As can be seen from FIG. 3, first, a value is calculated individually for every virtual source, which is valid at a current time due to a delay and scaling with a scaling factor, and then all component signals for one loudspeaker are summed due to the different virtual sources. If, for example, only one virtual source were present, the summer would be omitted and the signal applied at the output of the summer in FIG. 3 would, for example, correspond to the signal output by means 310 when the virtual source 1 is the only virtual source.

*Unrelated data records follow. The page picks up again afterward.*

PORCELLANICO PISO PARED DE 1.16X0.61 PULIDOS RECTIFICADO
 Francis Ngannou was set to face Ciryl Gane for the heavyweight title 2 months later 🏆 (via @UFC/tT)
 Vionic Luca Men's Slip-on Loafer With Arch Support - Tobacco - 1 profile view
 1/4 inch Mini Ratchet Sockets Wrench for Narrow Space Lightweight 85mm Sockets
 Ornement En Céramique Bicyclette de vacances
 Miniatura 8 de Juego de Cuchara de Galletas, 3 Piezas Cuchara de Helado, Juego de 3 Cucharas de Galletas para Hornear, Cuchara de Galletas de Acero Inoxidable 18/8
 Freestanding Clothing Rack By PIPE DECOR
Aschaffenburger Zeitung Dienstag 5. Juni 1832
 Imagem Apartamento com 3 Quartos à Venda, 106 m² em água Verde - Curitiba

In the following, the mode of operation of the apparatus illustrated in FIG. 3 will be discussed with reference to FIGS. 4 a, 4 b and 8. FIG. 4 a shows an exemplary audio signal of the virtual source over the time t′, which has discrete values extending from a time t′=0 to a time t′=13. As scaling factor at a time t′=0, a scaling factor of 1 is assumed. Further, without loss of generality, it is assumed that a delay of 0 samples has been calculated by the wave-field synthesis module at a time t′=0.
At the first time t′=0, which is further marked by 401 in FIG. 4 a, the audio signal of a virtual source illustrated in FIG. 4 a is to be played, while at a second time 402, which is indicated in FIG. 4 a, switching is performed from the audio signal with a delay D=0 to the same audio signal, but now with a delay D=2. The switching time is further indicated by an arrow 404 in FIG. 4 a.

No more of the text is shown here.